[
https://issues.apache.org/jira/browse/CASSANDRA-1610?page=com.atlassian.jira.plugin.system.issuetabpanels:comment-tabpanel&focusedCommentId=13033607#comment-13033607
]
Stu Hood commented on CASSANDRA-1610:
-------------------------------------
bq. The suggested alternative compaction strategies don't sound very generally
useful. We shouldn't maintain them in-tree.
Time bucketing and expiration (as implemented here) are very, very useful for
timeseries data, and are in fact a blocker for production use of our timeseries
systems.

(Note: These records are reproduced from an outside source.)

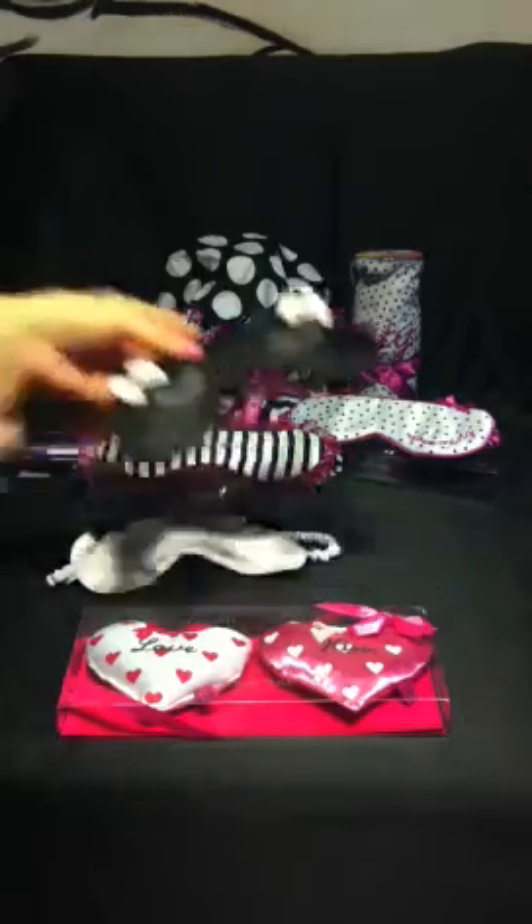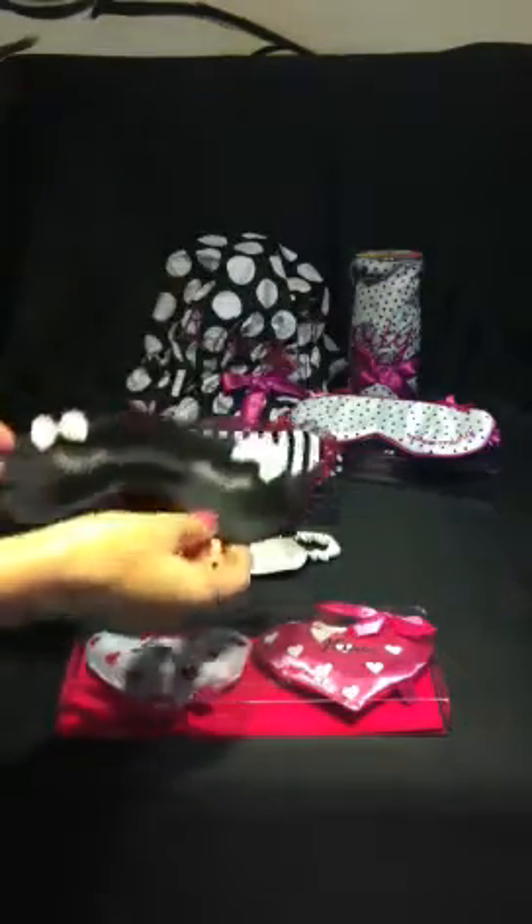We do have a smaller eye mask called Amelie — absolutely gorgeous in black, very sweet.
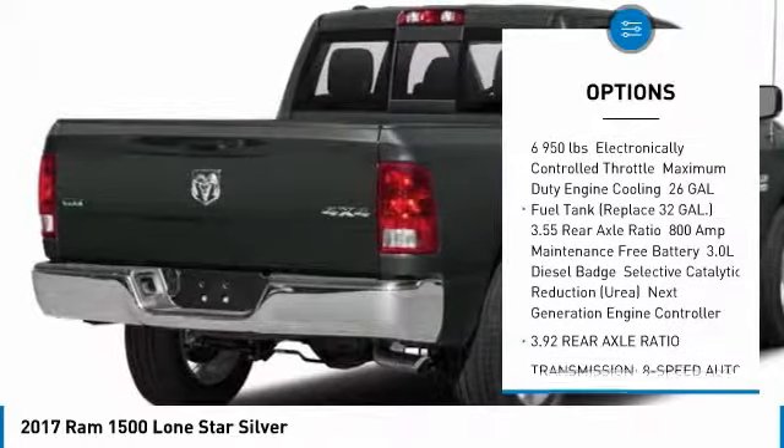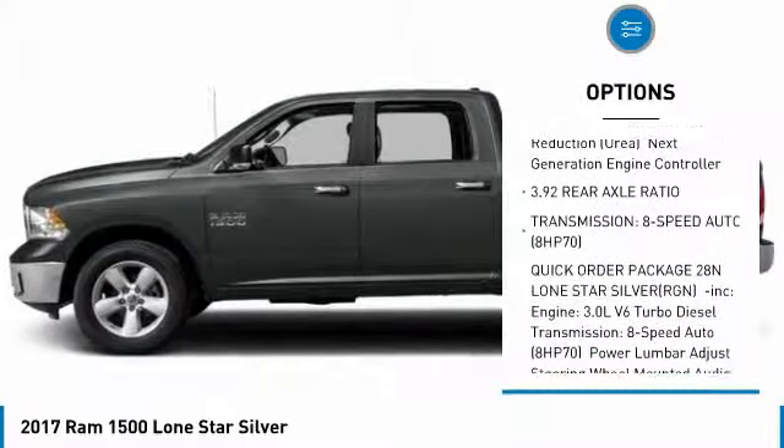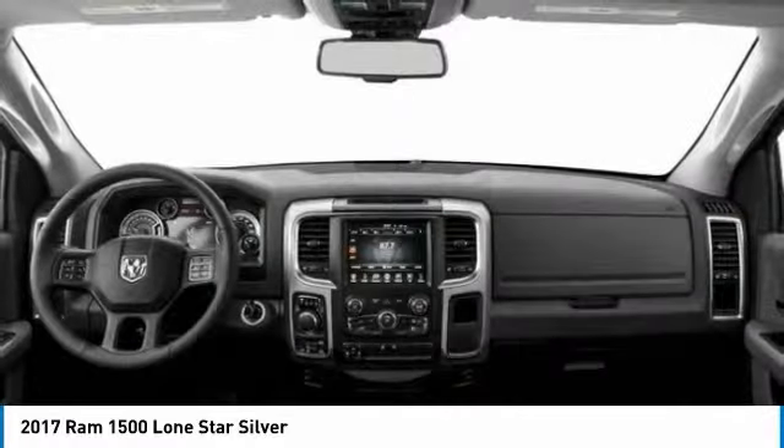Stability control, traction control, keyless entry, tow hitch, backup camera, anti-lock braking system, Bluetooth, driver airbag, power steering, adjustable steering wheel.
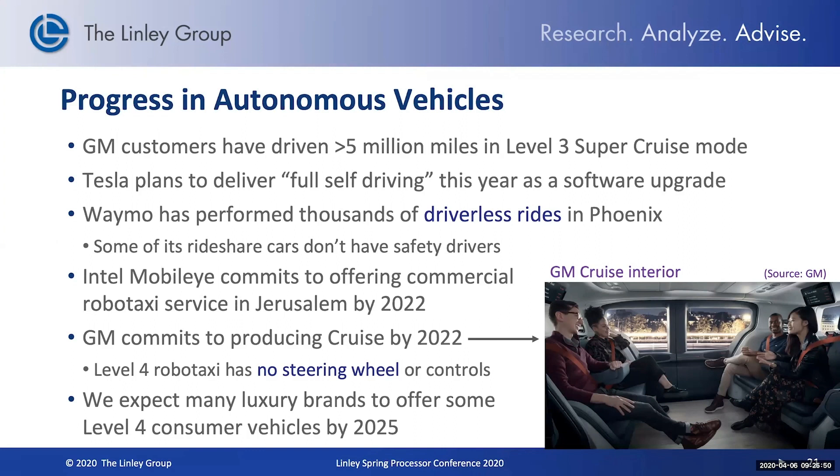In terms of suppliers, NVIDIA and Intel are the top two providers. NVIDIA is the leading supplier for level one and level two today, and has been focusing more on autonomous driving at level four and level five, with a lot of design wins for those types of systems. But Intel and Mobileye are certainly attempting to compete in that autonomous market as well, and have won some of their own customers.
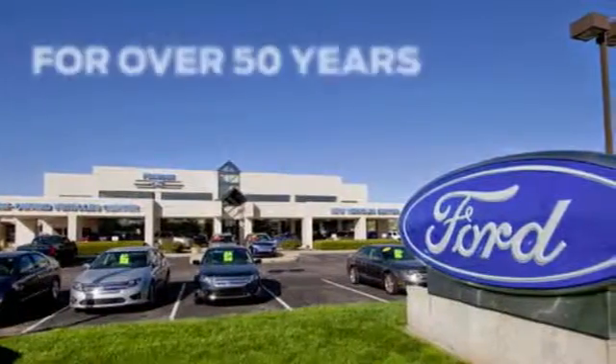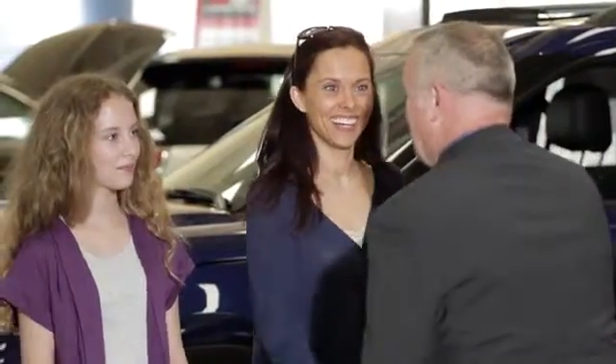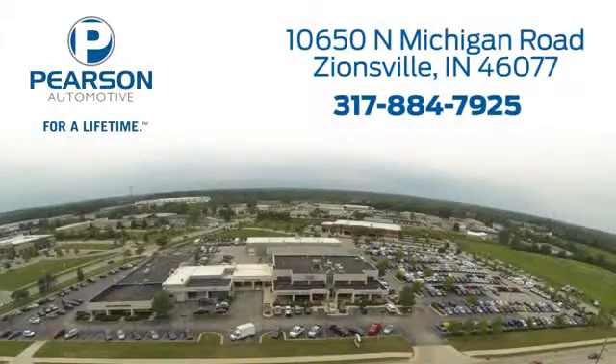Pearson Ford — for over 50 years we've continued to focus on providing a great experience for our customers. We're conveniently located at 10650 North Michigan Road in Zionsville.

The requirement is that column families which store events at varying
resolutions need to decay at different rates: there is no point keeping minute
level resolution data indefinitely. Additionally, using TTLs is much, much too
fine grained, and requires extra storage for each value.
bq. We shouldn't have any provider-specific logic left in CompactionManager
itself, it should all be based on the pluggable Strategy.

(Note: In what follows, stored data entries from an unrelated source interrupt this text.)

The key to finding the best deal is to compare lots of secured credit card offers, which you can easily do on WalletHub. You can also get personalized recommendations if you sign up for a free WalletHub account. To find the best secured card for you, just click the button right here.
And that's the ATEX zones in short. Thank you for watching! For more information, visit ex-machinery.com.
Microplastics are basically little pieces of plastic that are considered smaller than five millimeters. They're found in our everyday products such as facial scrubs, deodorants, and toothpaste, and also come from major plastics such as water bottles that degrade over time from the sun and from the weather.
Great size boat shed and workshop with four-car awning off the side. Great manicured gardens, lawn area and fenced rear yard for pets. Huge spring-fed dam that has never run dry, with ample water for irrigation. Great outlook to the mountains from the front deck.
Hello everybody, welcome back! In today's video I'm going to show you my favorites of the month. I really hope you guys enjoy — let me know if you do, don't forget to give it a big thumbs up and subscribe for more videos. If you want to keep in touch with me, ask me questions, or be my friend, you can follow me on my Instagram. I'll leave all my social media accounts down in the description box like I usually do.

Agreed, but one approach that I think would be good middle ground would be to
move doCompaction and doExpiration onto implementations of an
AbstractCompactionTask, to be returned by the strategies that Alan has
implemented. The 'task' concept already exists in this patch as an enum that
CompactionManager switches on.
The interesting methods on CompactionStrategy are
selectFor(Minor|Major)Compaction, which calculate the possible tasks to perform
during a minor or major compaction. For the SizeTieredStrategy (aka, the
strategy implemented in trunk), selectForMinor is the same as the previous
getBuckets method.
----
The configuration changes in the patch are distracting, but it boils down to:
# Record the max client timestamp for sstables (useful for CASSANDRA-2498)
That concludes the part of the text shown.